ABOUT THIS TASK.
Repeat only the lines below from the one containing "Navy Gold2 Premium Sweatshirt - artisFamous" through the one containing "Eta 4000 Electronic", inclusive, exactly as written.

INPUT DATA.

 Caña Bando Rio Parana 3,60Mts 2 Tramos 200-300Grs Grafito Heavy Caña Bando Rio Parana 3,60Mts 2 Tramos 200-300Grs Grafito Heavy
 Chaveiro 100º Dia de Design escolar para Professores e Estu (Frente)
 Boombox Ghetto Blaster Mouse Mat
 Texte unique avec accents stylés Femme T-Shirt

---

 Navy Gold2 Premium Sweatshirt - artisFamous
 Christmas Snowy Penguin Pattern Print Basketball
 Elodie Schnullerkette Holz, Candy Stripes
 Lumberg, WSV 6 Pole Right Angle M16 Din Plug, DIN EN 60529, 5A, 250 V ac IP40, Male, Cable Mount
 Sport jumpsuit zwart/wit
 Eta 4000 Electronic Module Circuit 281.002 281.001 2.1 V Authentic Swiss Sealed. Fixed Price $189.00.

---

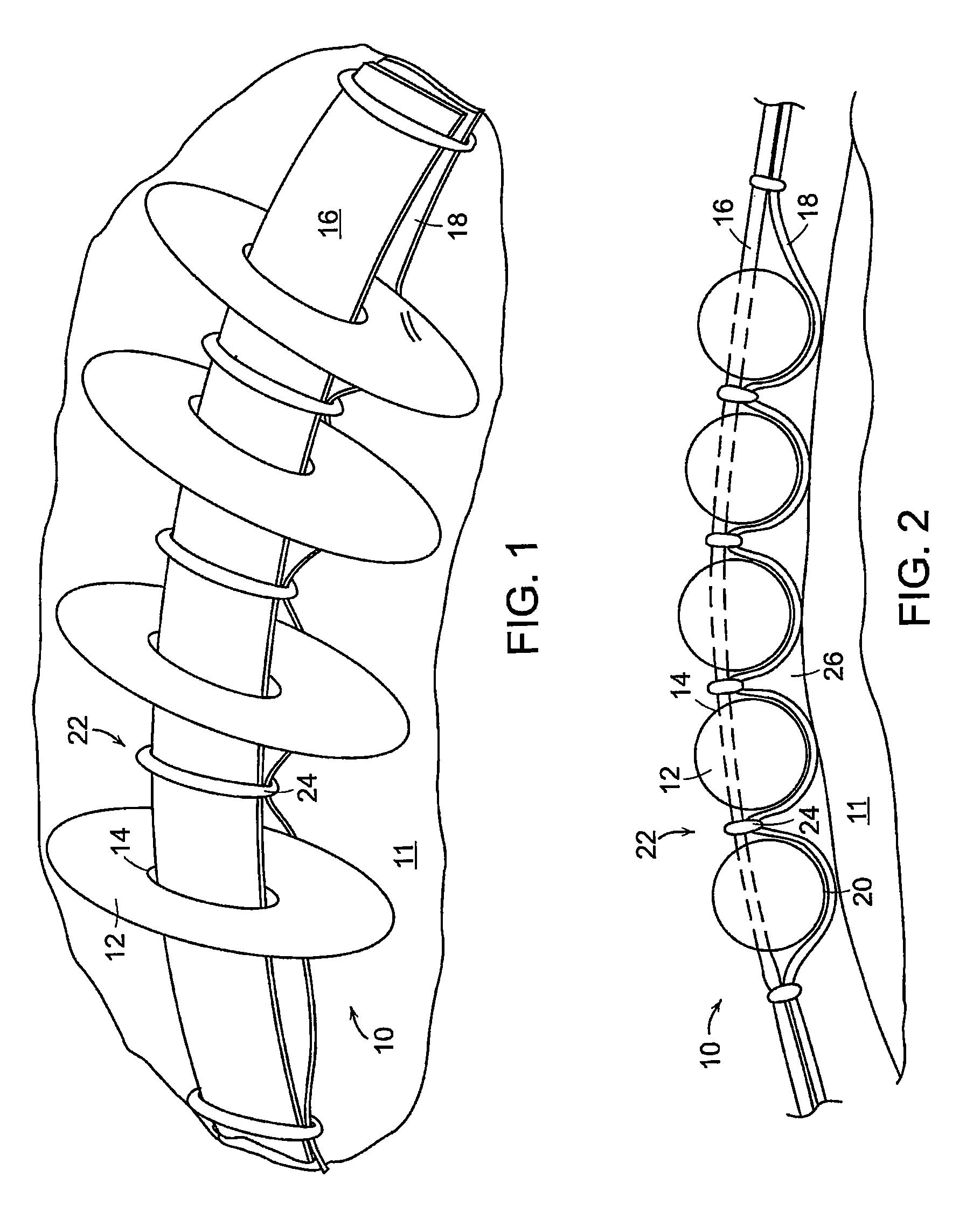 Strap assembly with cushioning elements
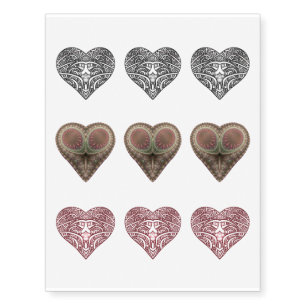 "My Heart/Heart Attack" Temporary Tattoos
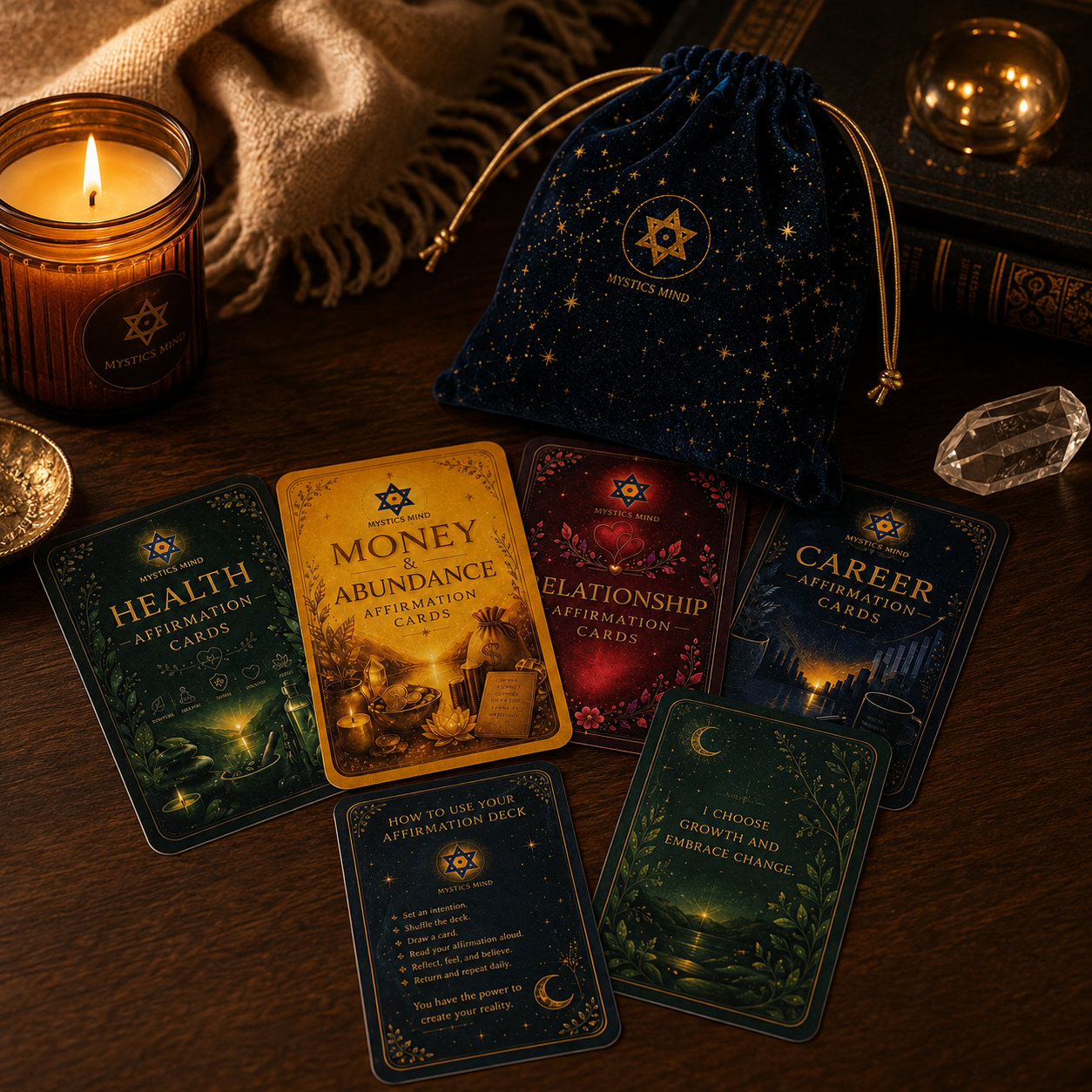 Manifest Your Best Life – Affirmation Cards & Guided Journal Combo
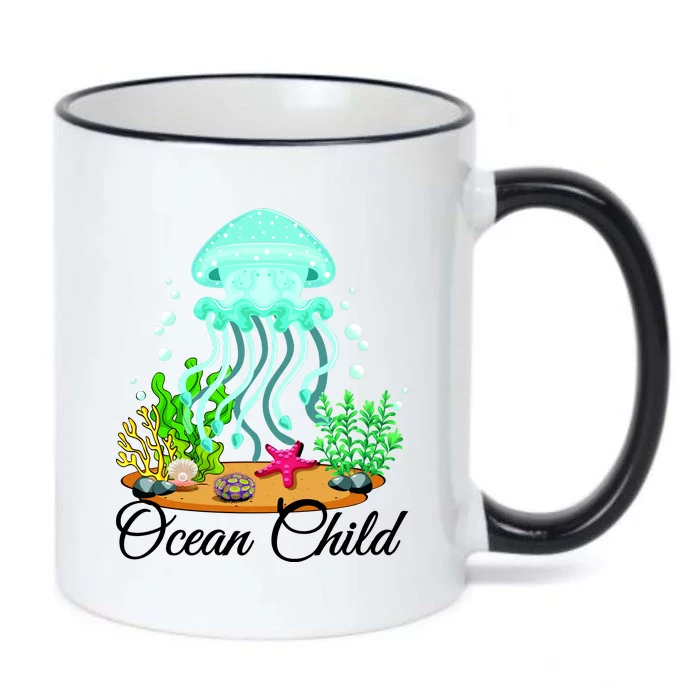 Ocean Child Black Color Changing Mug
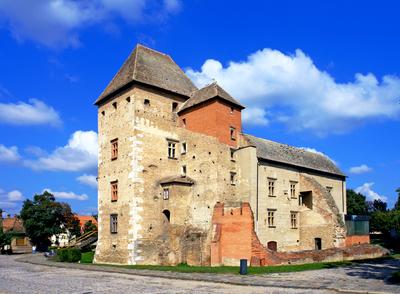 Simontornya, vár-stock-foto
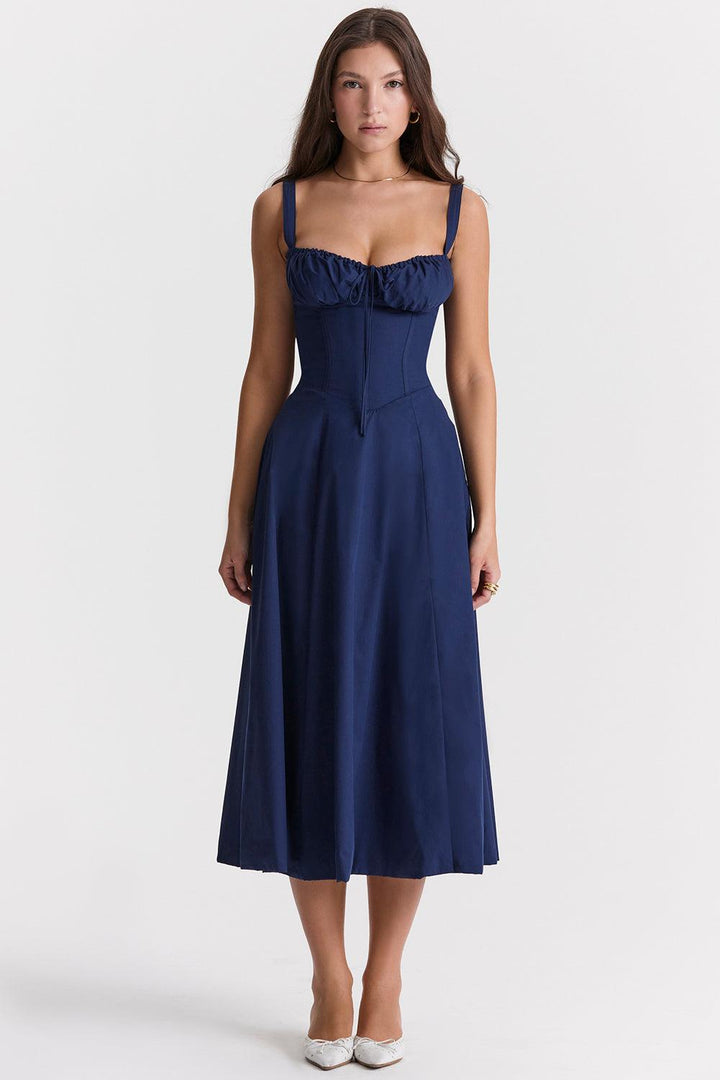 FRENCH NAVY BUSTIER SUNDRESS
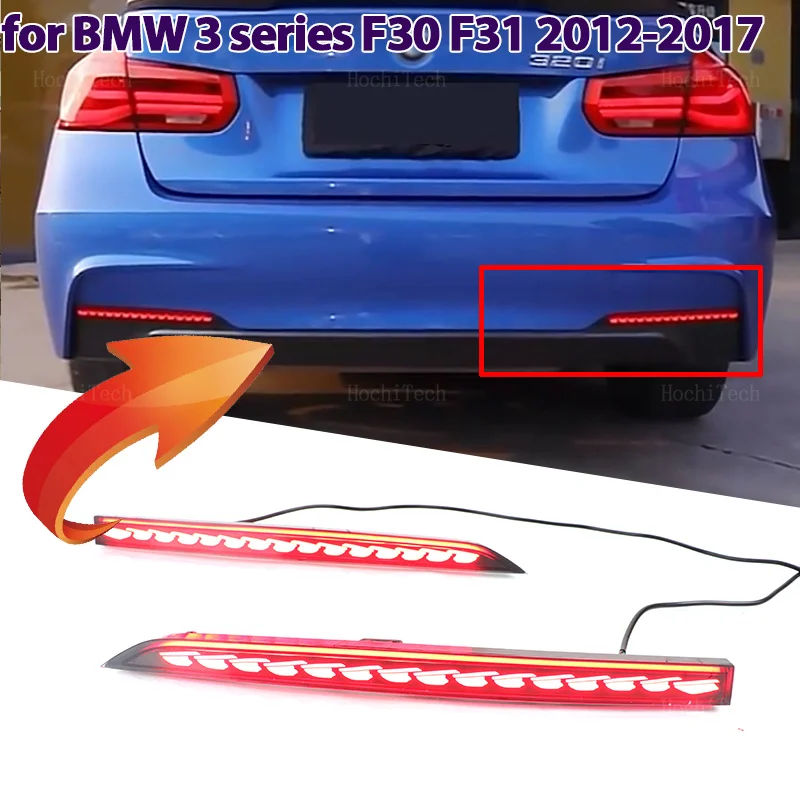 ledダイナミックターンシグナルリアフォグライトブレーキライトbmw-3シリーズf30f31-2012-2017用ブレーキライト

TASK RESULT.
 Navy Gold2 Premium Sweatshirt - artisFamous
 Christmas Snowy Penguin Pattern Print Basketball
 Elodie Schnullerkette Holz, Candy Stripes
 Lumberg, WSV 6 Pole Right Angle M16 Din Plug, DIN EN 60529, 5A, 250 V ac IP40, Male, Cable Mount
 Sport jumpsuit zwart/wit
 Eta 4000 Electronic Module Circuit 281.002 281.001 2.1 V Authentic Swiss Sealed. Fixed Price $189.00.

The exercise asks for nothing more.